What NOW? Curating at warp speed for the Norton’s Art Basel show
By Tom Austin
Special to The Miami Herald
"In synch with an era in which Wikileaks is no doubt ready to spill the beans on the Easter Bunny, the Norton Museum of Art in West Palm Beach has mounted Now WHAT?, an exhibition about the notion of how information is manipulated, withheld and spread all over the darn place like some Johnny Appleseed version of Big Brother. The conceit of the show actually mirrors the flying-blind techniques of daily journalism, for which some put-upon grunt on Grub Street tries to make sense of an event — and gather a semblance of truth — in a few hours, with the hope of writing something coherent for the next day’s paper.
As with most news hounds, Norton curators Cheryl Brutvan and Charles Stainback ventured down to Art Basel Miami Beach, sniffed around a bit and then made a quick decision about the breaking curl of contemporary art. They toured the main fair at the Miami Beach Convention Center and such satellite exhibitions as Scope and NADA, choosing 39 art works by 21 artists. Then, 10 days after the close of Art Basel, they presented the results of their intellectual exploration. The Now WHAT? opening was attended by some of the artists from the show and also blew up a whole slew of art-world constructs. Straight from the top, art exhibitions are supposed to take months, even years, to put together. Unknown artists, the eternal interns of life, are meant to suffer for decades before they are included in a museum group show. Perhaps only death, or so the cliché goes, will reveal the dirty truth of an artist’s worth.

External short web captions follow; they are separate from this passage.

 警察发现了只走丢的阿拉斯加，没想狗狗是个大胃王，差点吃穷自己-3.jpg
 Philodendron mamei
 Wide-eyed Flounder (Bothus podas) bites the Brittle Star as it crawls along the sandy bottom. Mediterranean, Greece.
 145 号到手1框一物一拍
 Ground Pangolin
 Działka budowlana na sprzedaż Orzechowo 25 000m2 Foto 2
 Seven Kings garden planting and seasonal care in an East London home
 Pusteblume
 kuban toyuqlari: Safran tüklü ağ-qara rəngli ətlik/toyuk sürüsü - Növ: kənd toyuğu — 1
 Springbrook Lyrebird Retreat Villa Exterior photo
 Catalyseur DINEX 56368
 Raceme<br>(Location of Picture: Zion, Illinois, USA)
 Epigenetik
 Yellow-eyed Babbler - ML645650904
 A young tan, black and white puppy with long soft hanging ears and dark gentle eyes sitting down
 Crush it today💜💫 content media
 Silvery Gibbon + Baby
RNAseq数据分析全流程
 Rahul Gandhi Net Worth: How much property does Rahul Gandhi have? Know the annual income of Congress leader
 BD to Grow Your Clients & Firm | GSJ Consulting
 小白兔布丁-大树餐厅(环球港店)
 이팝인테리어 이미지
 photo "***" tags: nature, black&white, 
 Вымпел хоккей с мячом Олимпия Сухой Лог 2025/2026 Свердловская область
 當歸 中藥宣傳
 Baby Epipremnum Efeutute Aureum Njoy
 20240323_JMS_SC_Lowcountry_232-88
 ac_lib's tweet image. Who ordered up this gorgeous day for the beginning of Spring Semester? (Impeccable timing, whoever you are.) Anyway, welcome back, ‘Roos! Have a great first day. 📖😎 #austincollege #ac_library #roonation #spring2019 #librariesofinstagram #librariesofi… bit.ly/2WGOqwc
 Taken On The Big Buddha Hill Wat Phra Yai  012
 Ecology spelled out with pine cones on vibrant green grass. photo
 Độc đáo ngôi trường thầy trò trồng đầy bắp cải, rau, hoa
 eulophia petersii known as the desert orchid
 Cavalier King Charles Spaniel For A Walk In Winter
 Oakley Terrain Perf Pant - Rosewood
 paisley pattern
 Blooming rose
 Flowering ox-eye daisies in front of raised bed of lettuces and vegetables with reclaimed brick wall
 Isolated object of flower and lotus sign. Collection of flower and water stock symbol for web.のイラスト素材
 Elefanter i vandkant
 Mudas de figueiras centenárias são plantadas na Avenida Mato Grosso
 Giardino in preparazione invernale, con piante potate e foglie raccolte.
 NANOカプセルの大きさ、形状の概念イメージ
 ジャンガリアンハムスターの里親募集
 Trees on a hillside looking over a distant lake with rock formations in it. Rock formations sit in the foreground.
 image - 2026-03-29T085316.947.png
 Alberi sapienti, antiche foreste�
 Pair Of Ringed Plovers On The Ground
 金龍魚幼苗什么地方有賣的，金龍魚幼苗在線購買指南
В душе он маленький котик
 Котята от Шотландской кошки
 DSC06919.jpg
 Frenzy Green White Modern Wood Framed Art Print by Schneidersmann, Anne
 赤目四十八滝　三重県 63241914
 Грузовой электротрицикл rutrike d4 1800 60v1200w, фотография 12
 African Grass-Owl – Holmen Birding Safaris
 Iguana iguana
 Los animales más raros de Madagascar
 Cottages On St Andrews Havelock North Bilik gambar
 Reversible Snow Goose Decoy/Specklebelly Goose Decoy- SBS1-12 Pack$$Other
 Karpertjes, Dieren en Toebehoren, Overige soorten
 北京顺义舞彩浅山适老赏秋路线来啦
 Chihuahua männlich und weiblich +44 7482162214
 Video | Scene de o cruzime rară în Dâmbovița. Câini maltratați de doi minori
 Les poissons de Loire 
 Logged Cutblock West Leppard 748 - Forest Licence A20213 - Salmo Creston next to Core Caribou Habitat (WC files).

The show committed a few missteps in its rush to make a pronouncement on contemporary art, but — given the time constraints — it’s definitely contemporary and not half bad.
Many of the pieces are drawn straight from the media, such as Kim Rugg’s 2010 work The Story is One Sign, which the curators found at Pulse. Within an obsessive, way-detailed paper piece, Rugg obscured the information conveyed in 30 copies of the same front page of The New York Times. Essentially, Rugg papered the copies over one another, with each front page revealing a fragment of information: a letter of the alphabet, a dollar sign, a number, a bar code. It’s a long way from the great movie of journalism, The Front Page and the subsequent His Girl Friday, but the truths are fairly constant, according to Brutvan, "We all read all these newspapers, but how much of what’s been reported is true, and, in the end, how much do we really know?"
Another piece — Allyson Strafella’s Inverted red catenary, 2010 — was also unearthed at Pulse: Strafella endlessly typed colons on red carbon paper to form a beautiful arc. On the-exchange-of-information front is Julian Montague’s 2010 Volumes from an another piece discovered at Pulse. It’s clever stuff, for which Montague has created faux covers for found books bearing such titles as Imagined Intellectual History of Animals, Architecture and Man,Managing Structural Bird Problems, Atlas of an Infestation, Ecologies of Decay and Wildlife Incursions into Modern Architecture: An Interdisciplinary Symposium, Part 3."